While he was writing in my book, I smiled and asked if he always treated audience members who dared to ask him a question as though they were irritating guests on Newsnight, pointing out his manner in playfully shouting them down and criticising each question rather than really answering it (in a Michael Howard sort of way, I thought of adding but didn’t). He surprised me by smiling sweetly and gently grasping the top of my hand, giving it a slight squeeze, and saying, “Oh, I’m sorry!” You might be reading that with an extremely sarcastic jokey tone in mind, along the lines of “I am soooooooo sorry!” given who the speaker was, but it was actually a delicately compassionate, kindly apologetic comment. I realised later that he may have assumed that I’d been one of the questioners he’d nearly abused and was thus apologising when I called him on it, in case I felt hurt, but in any case, he was a sweet pussycat that one doesn’t often see on the telly.
Sadly, he didn’t offer me a job out of the blue, bizarrely, so I clearly wasn’t giving off the right pheromones, but crucially, he didn’t say that I reeked of wee, for which I thank him. (Now, not then; I didn't tell him 'I thank you for not saying I stink of wee" as I walked off). Then I headed rapidly home for my ritual skirt-burning ceremony, via a Tube train and rail train full of seats previously occupied by civil people who managed a bit of control, and we all lived happily ever after.

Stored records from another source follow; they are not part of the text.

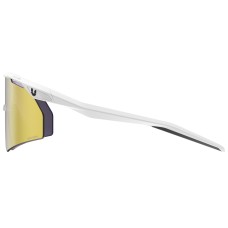 Prillid Uvex ultimate pace ultra L ColorVision white matt/mirror yellow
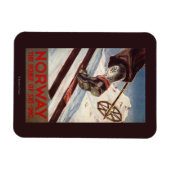 Noorwegen - Het startpunt van de Skiing Magneet (Horizontaal)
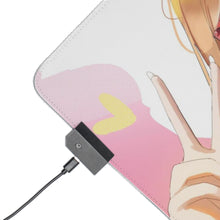 Load image into Gallery viewer, My Dress-Up Darling Marin Kitagawa RGB LED Mouse Pad (Desk Mat)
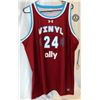 Image 2 : Sports: Unrivaled Arike O. Vinyl BC Authentic Jersey (Rare)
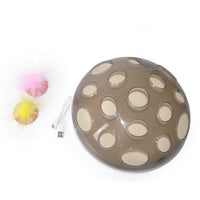 HKM-5855805 Magnetic Levitation Electric Cat Toy Carousel for Interactive Play and Training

So that was my South Ken wee adventure, a tale perhaps not as exciting as you were expecting. Maybe you had grand visions of some ASBO-badged youth rushing up to me and relieving himself all over me, as almost happened the time I had to wait for a night bus after a great concert and found that the iron railings I was leaning against in Trafalgar Square were apparently on the Official Drunk Person’s Map of Convenient Conveniences. Perhaps you wanted me to soil myself, maybe even whilst standing in front of the Knight of Newsnight, and are disappointed that I managed not to do that. Nay. But I won’t apologise. I tell it like it is. Just like Jeremy Paxman would.